» What the task requires
Your task is to transcribe the records exactly, skipping every image.
(Beginning of Dataset records)
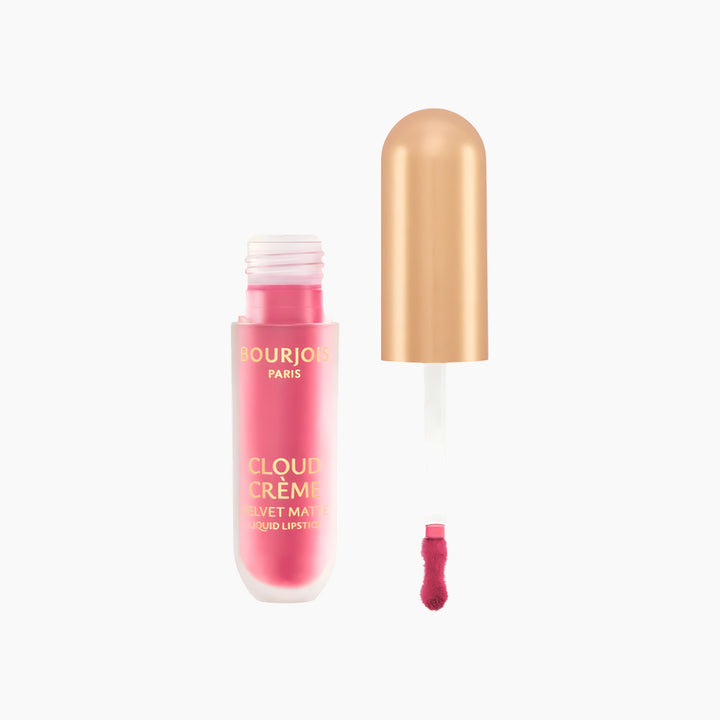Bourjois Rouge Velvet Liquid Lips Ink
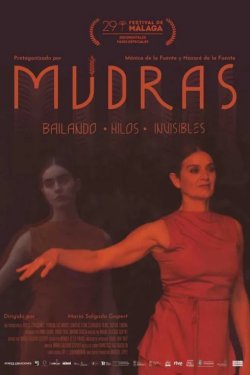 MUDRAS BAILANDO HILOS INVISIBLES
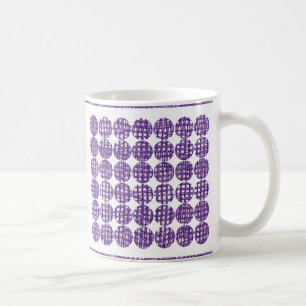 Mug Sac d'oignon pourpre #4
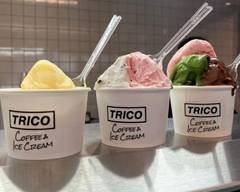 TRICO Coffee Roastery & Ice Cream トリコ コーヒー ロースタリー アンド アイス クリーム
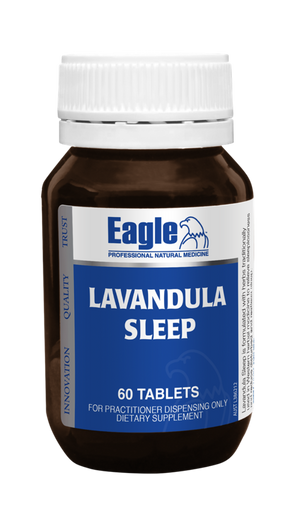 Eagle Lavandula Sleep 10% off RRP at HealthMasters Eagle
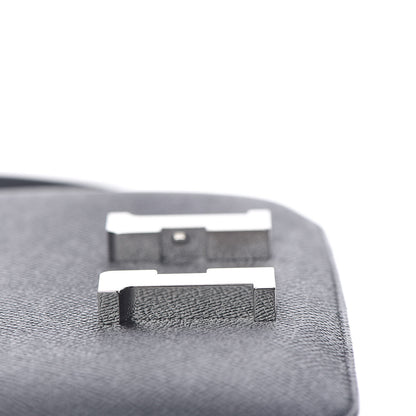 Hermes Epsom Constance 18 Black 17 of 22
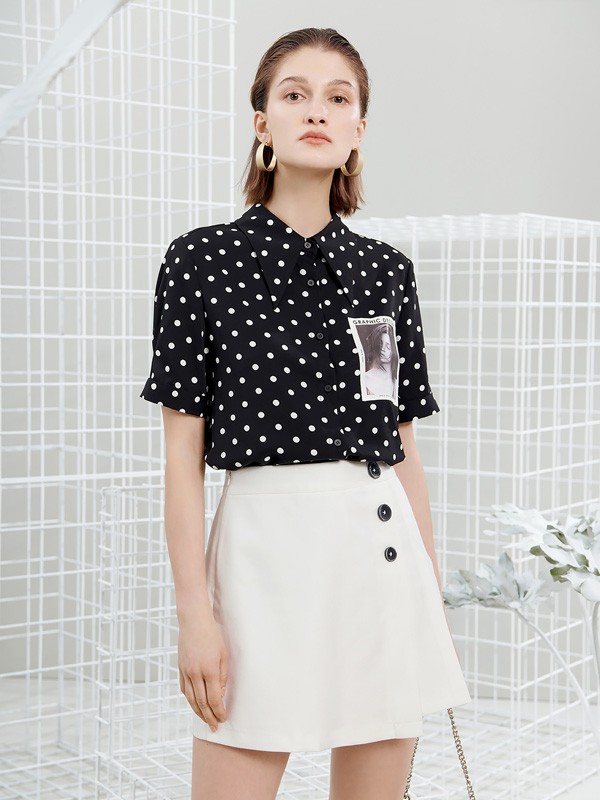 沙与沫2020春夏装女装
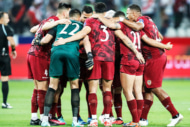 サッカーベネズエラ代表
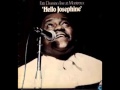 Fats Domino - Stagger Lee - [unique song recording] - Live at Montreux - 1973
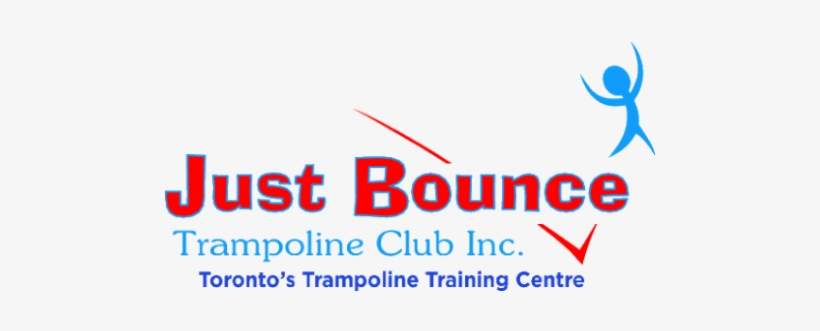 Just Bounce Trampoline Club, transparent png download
(End of Dataset records)
» Problem solution
Bourjois Rouge Velvet Liquid Lips Ink
 MUDRAS BAILANDO HILOS INVISIBLES
 Mug Sac d'oignon pourpre #4
 TRICO Coffee Roastery & Ice Cream トリコ コーヒー ロースタリー アンド アイス クリーム
 Eagle Lavandula Sleep 10% off RRP at HealthMasters Eagle
 Hermes Epsom Constance 18 Black 17 of 22
 沙与沫2020春夏装女装
 サッカーベネズエラ代表
 Fats Domino - Stagger Lee - [unique song recording] - Live at Montreux - 1973
 Just Bounce Trampoline Club, transparent png download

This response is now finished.